SHIFTING AND BLOWING SANDS.It was ascertained that the chief difficulty in improving the entrance to the port lay in the enormous quantity of movable and shifting sand, driven along the coast southward by the prevalent summer northwest winds, and then returned by the winter southwest gales.
So violent is this action that it is thus described: "Large tracts to the north of Coos Bay and along the rock separating its lower part from the sea, where once stood farms and pine-forests, are now buried to the tops of the highest trees. Immense quantities of this wind-borne sand are constantly going into the bay, and by its swift currents are carried out to form the bar, or be deposited in the bight to the east and north of the cape."
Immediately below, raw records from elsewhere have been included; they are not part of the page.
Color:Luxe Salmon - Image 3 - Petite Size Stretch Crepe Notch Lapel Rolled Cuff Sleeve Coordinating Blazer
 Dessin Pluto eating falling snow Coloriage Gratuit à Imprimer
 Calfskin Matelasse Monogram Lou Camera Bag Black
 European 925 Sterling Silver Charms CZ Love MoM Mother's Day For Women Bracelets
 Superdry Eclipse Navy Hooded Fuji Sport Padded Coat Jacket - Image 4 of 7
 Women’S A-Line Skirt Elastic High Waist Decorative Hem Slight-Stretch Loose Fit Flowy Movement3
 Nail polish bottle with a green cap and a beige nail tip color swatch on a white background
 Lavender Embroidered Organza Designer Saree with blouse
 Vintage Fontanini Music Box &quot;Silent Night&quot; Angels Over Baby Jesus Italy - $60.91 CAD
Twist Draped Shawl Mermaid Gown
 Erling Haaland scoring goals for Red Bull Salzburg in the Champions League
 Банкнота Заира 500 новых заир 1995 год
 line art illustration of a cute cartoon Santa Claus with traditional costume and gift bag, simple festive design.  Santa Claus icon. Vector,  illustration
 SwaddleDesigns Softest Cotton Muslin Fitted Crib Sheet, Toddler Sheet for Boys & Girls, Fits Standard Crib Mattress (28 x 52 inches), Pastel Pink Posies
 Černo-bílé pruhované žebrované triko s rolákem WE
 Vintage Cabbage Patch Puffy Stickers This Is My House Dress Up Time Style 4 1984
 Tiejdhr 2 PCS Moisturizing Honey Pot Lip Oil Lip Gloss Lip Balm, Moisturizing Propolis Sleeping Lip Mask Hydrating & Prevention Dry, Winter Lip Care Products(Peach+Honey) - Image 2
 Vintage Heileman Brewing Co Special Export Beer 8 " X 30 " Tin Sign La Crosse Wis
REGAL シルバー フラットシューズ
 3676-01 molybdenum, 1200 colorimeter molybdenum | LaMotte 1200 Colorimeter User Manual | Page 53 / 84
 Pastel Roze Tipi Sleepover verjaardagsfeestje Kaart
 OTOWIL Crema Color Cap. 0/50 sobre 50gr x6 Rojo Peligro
Let me quote a short description of this section of the country, on which before many years the tide of immigration must roll in. The writer is the Hon. B. Hermann, who is doing all in his power to draw public attention to his district:
"Ten-mile and Camas Valleys, being respectively ten and fifteen to twenty-five miles from the terminus of the Oregon and California Railroad at Roseburg, are without any other outlet. The cost of teaming to this point, added to the present exorbitant rates of railway freights, discourages the farmers of those sections in the cultivation of the soil. And yet some of the best and most extensive wheat-fields of the country are within those circuits, while a vast area is left annually to grow brush and weeds, and to remain of comparatively little value, which should otherwise contribute to the harvest of thousands of bushels of the finest grain.
"From Camas Valley, and along the Middle Fork of the Coquille River, until its junction with the main stream is reached, a distance of twenty-eight miles by survey, three fourths of the route is without even a wagon-road communication, travel being by trail, with ox and sled, saddle and pack horse. And yet there is found a goodly population, having substantial improvements, some very good farms in cultivation, with flouring-mills for the local accommodation.